- [Study material]
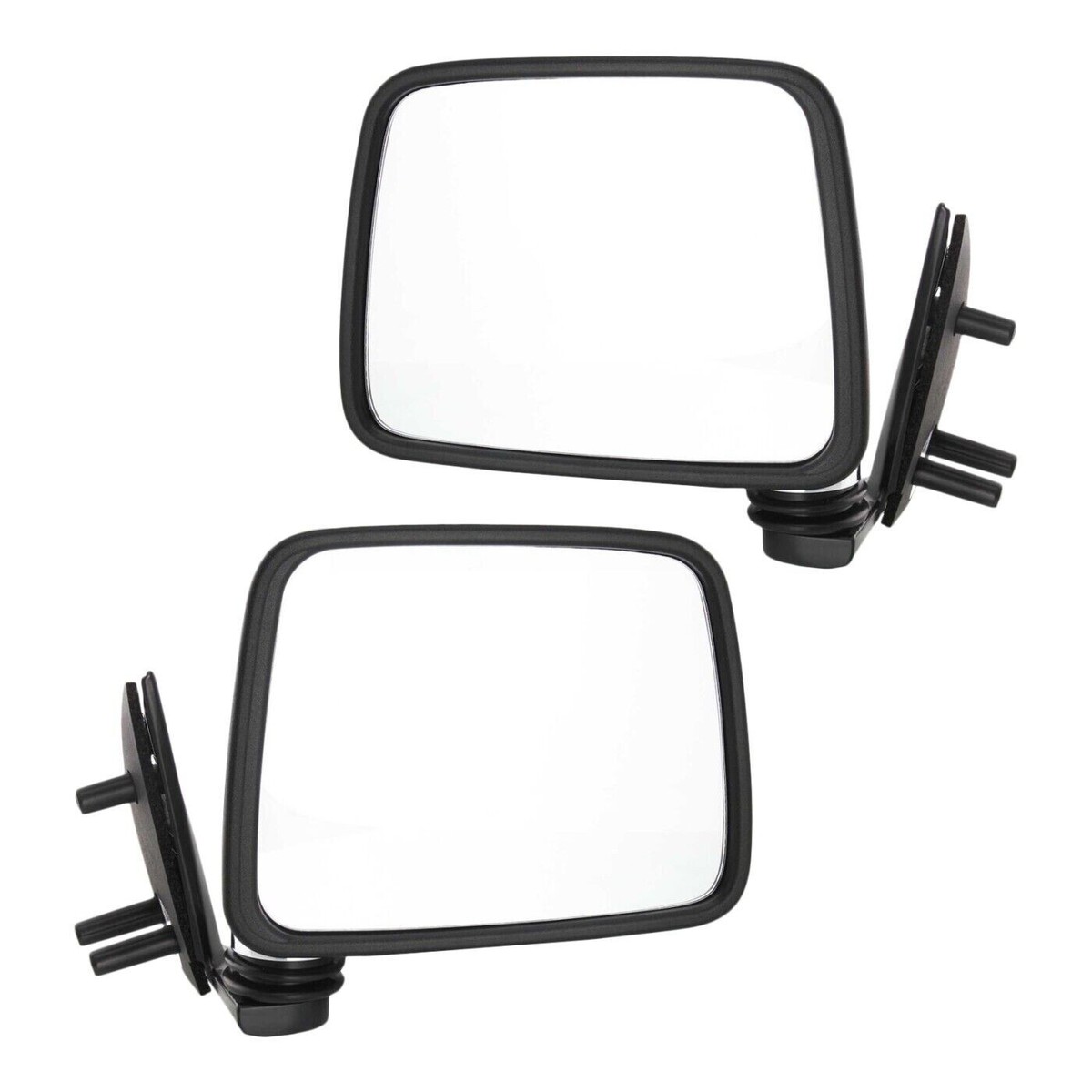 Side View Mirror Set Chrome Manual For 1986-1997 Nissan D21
--
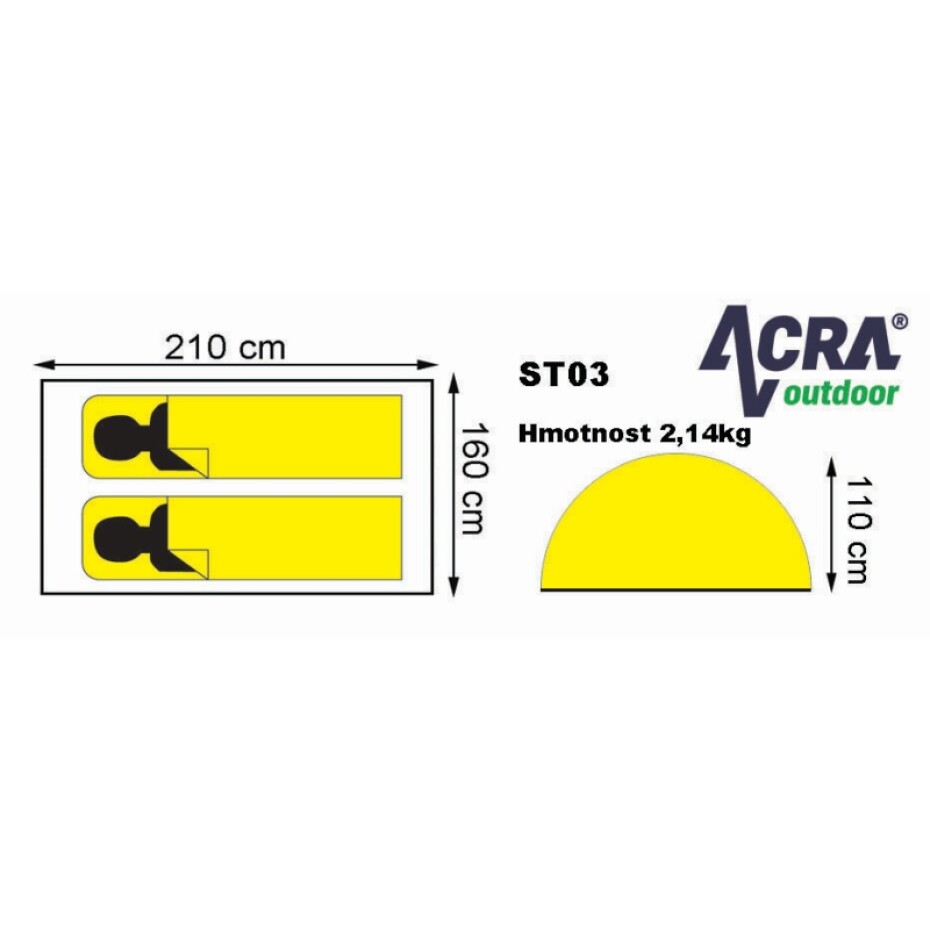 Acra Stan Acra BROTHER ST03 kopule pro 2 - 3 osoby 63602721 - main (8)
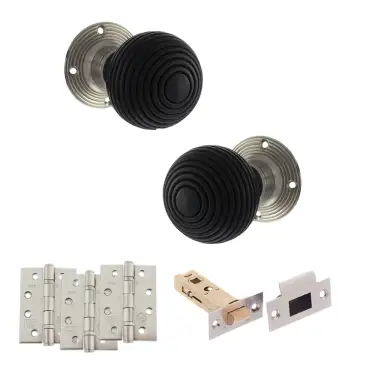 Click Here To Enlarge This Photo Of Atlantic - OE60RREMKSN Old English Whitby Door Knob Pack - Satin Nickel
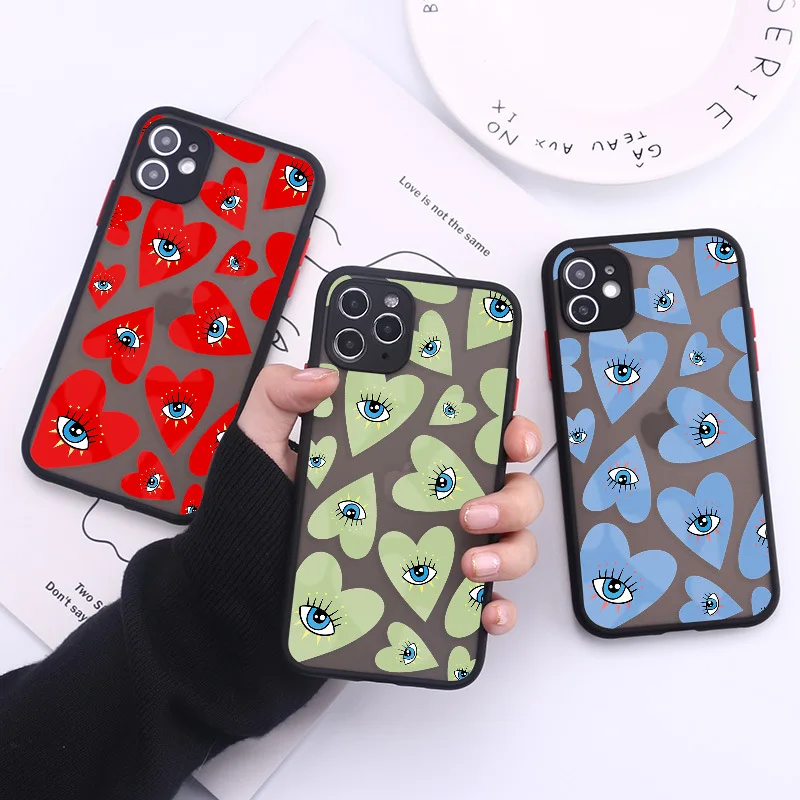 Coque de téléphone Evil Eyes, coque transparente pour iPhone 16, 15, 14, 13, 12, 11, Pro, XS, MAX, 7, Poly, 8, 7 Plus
---
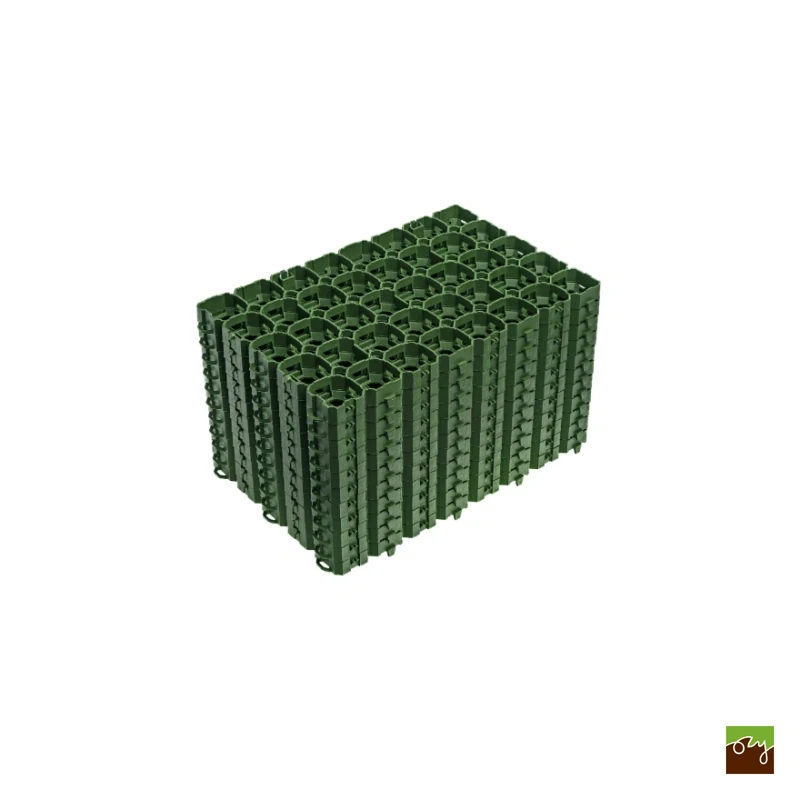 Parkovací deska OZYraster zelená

- [What the task requires] Output exactly, and only, the lines of the entries above from the one with "Acra Stan Acra" up to and including the one with "Coque de téléphone"; pictures are to be left out.

- [Solution for this problem]
 Acra Stan Acra BROTHER ST03 kopule pro 2 - 3 osoby 63602721 - main (8)
 Click Here To Enlarge This Photo Of Atlantic - OE60RREMKSN Old English Whitby Door Knob Pack - Satin Nickel
 Coque de téléphone Evil Eyes, coque transparente pour iPhone 16, 15, 14, 13, 12, 11, Pro, XS, MAX, 7, Poly, 8, 7 Plus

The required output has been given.